The frightening evidence our society is already imprisoned by theocracy goes far beyond the renewed legislative warfare against women and sexuality. Indeed the most glaring example I've yet encountered is the god-is-on-our-side preachment by Rear Admiral Margaret G. Kibben, the U.S. Navy chaplain who intoned it as part of an awkwardly long prayer to open and close President Obama's recent Medal of Honor presentation to Marine Sergeant Dakota L. Meyer:
“Almighty God...in accordance with your divine guidance, our founders established a nation rooted in the ideals of courage and virtue...we now yield to your direction for this country...”

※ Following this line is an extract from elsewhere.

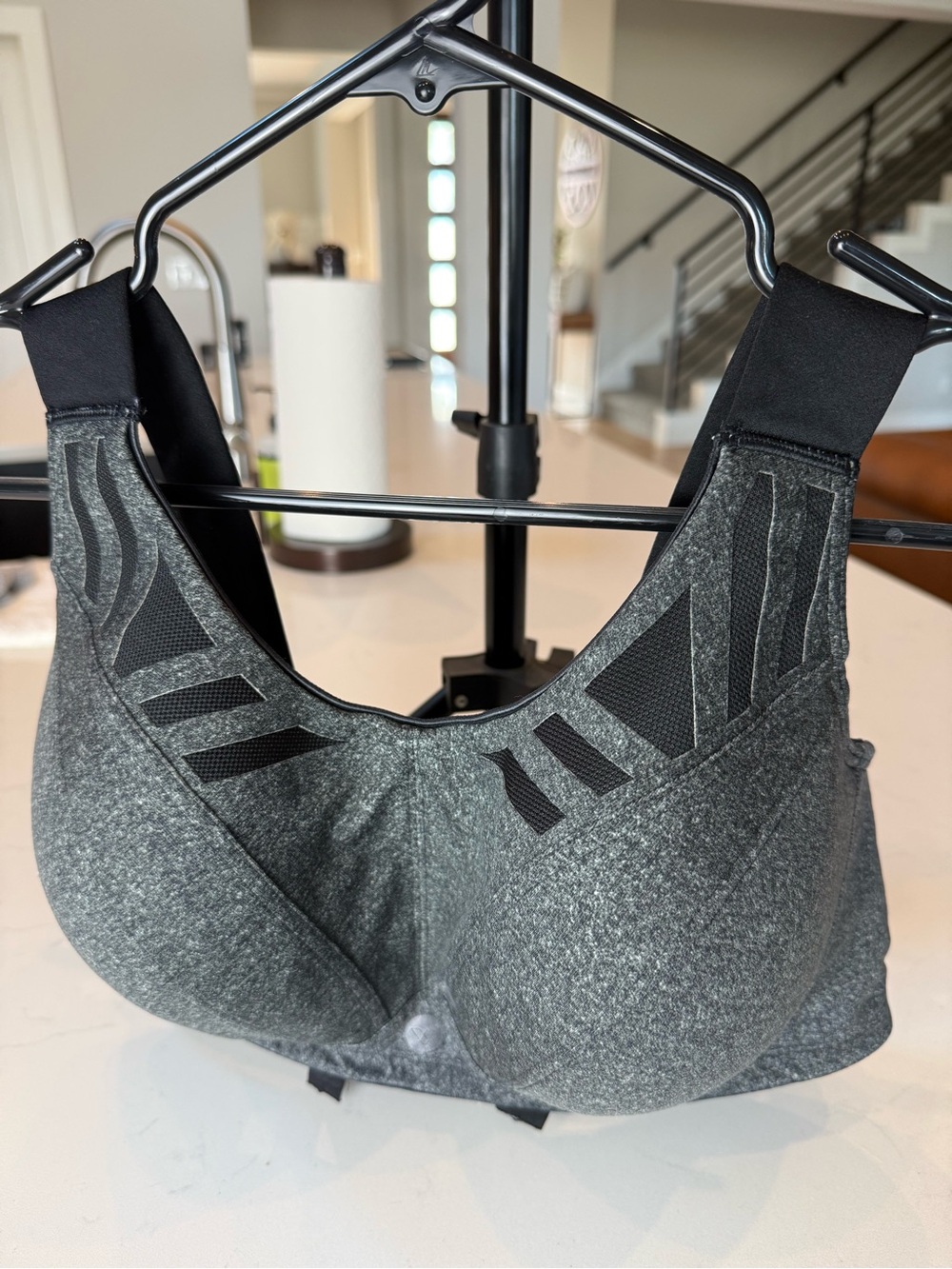 Livi Active Gray & Black High-Support Sports Bra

Note not just the singularly Christian label for the deity, but the thinly disguised assertion the United States and its leaders are god's representatives on Earth.
As if to eliminate any lingering doubts about theocratic intent, Kibben closed the ceremony 18 minutes later by proclaiming it too of divine origin:
“God made this ceremony serve as a reminder of the responsibility that comes with receiving the grace gift of freedom.”
If, as it seems, the so-called War on Terror has already reshaped the United States into a garrison of born-again Crusaders, the rebirth of the Inquisition cannot be far behind. And that is exactly what the Christian fanatics intend.
*****
Visual Thinking: Poignant Hope in a Perilous Time
Long ago and far away amidst a Revolution in Consciousness that now takes place only in memory, during a pre-terminal-climate-change April with the chilly remnants of winter still resisting the warming gestures of spring, some of the youth of Manhattan's Lower East Side decided to clean up their local environment.
It was 1967. The clean-up's organizational work done by the Jade Companions of the Flower Dance – the local equivalent of a neighborhood association – and it soon led to a scheduled event called a Sweep-In: hundreds of young men and women hauling away tons of trash in a gesture they hoped would lead to solidarity between the bohemian community (which was already calling itself “the East Village”) and the traditional residents of Alphabet City – Avenues A,B,C,D – the 19th Century tenements of which then housed people who were mostly either Puerto Rican or immigrants from Eastern Europe.
The woman in this portrait was taking a break after spending most of the day helping clear a vacant lot of litter. I no longer have her name – those notes (like so much else in my life) were destroyed in the 1983 fire – but I see her now as an icon of the blessed hope that was once ours, a hope that may again be aborning in the Occupy Together movement.
I don't remember the camera – probably a VT Canon, maybe a Pentax H1A, whether the rangefinder or the SLR obviously (by the slight distortion of her facial features) mounted with a wide-angle lens – but there's no question the film is Tri-X, and the approximate date tells me it was developed in Diafine at 1200.
May we again have cause for such optimism as shows in this young woman's gentle smile.